● **WHAT IS EXPECTED**: No pictures go in the copy; retype exactly the lines from the one with "Legno Del Notaio Imola Ceramica" through the last line of the records.
============
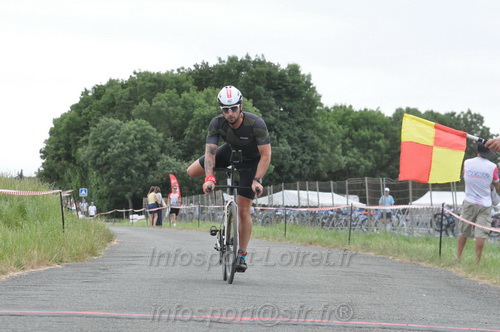 Vendome_2026_Triathlon_Dimanche/2026TV_Dimanche_05809.JPG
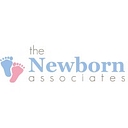 Newborn Associates logo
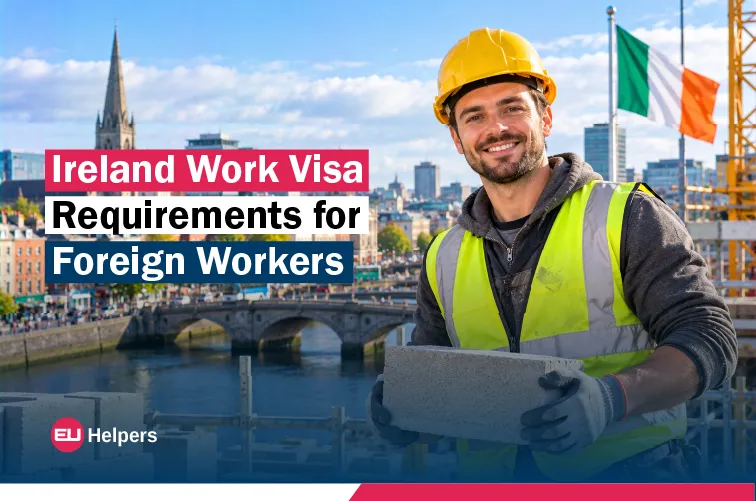 ireland-work-visa-requirements-for-foreign-workers.jpg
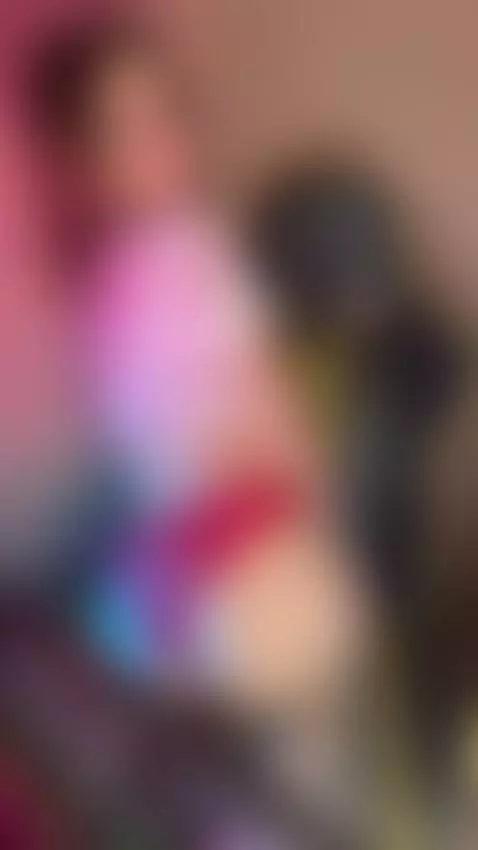 I get wetter when I know you can’t pull out by shyamelia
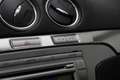 Ford S-Max 2.5-20V Turbo*Loopt op 4 cilinders*Pano/Afn.Trekha Gris - thumbnail 10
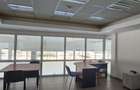 Showroom auto, construcții 6500 mp, teren 31.350 mp, deschidere 176 ml la DN 1! - 13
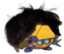 FRESHCUT emote for Discord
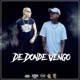 De Donde Vengo feat Full THM Single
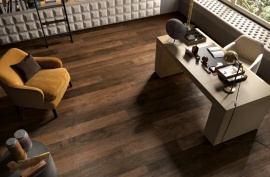 Legno Del Notaio Imola Ceramica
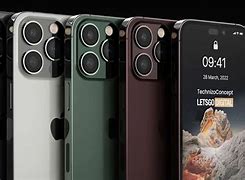 Image result for Celular iPhone Costo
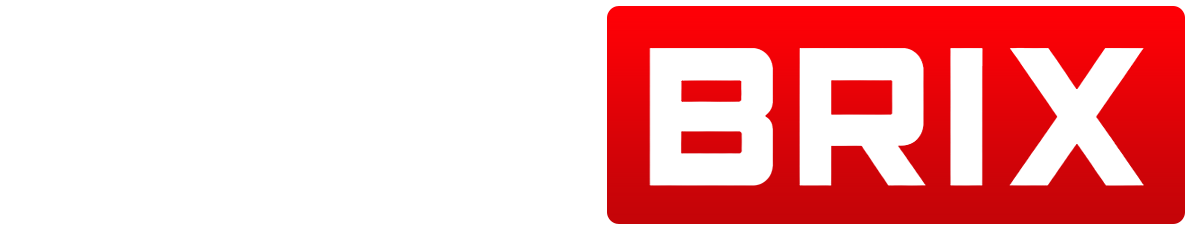StatBrix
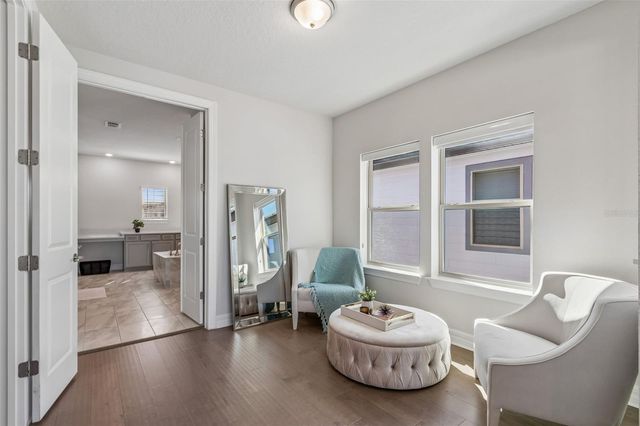 9070 WOODLAND FOREST ROAD, Orlando, FL 32836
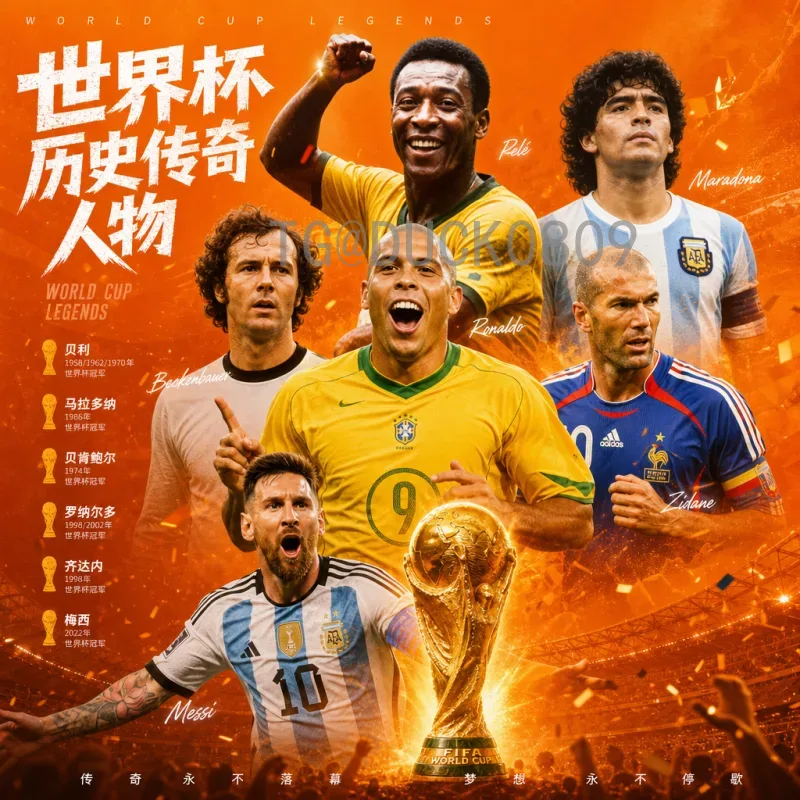 最新2026美加墨世界杯开幕式直播回放全记录：精彩瞬间与观赛指南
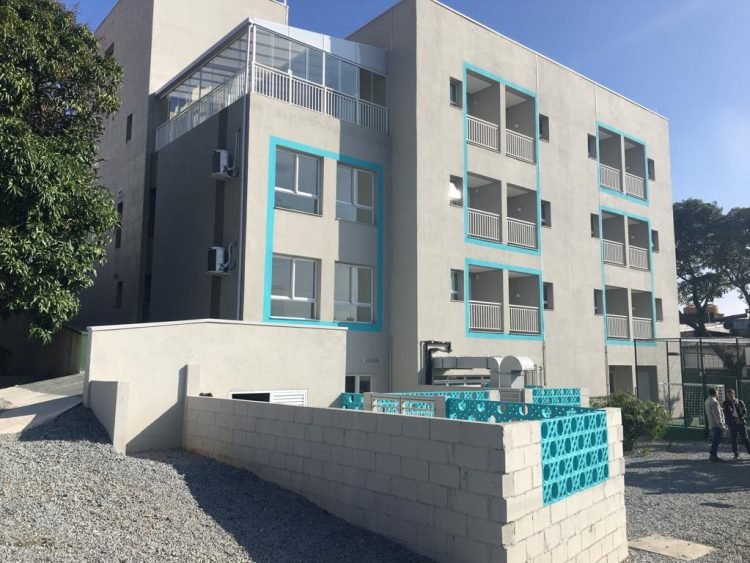 Endereço: Rua Cachoeira da Ilha, 15 A, Parque do Carmo – Itaquera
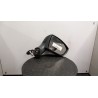 RETROVISORE EST. REGOLAZ. ELETTR. TERM/LUCE CORT. PORT. DX. 109 FORD KUGA (CBV) (04/08-09/13) UFDA 1773652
============
● **EXPECTED OUTPUT**:
 Legno Del Notaio Imola Ceramica
 Image result for Celular iPhone Costo
StatBrix
 9070 WOODLAND FOREST ROAD, Orlando, FL 32836
 最新2026美加墨世界杯开幕式直播回放全记录：精彩瞬间与观赛指南
 Endereço: Rua Cachoeira da Ilha, 15 A, Parque do Carmo – Itaquera
 RETROVISORE EST. REGOLAZ. ELETTR. TERM/LUCE CORT. PORT. DX. 109 FORD KUGA (CBV) (04/08-09/13) UFDA 1773652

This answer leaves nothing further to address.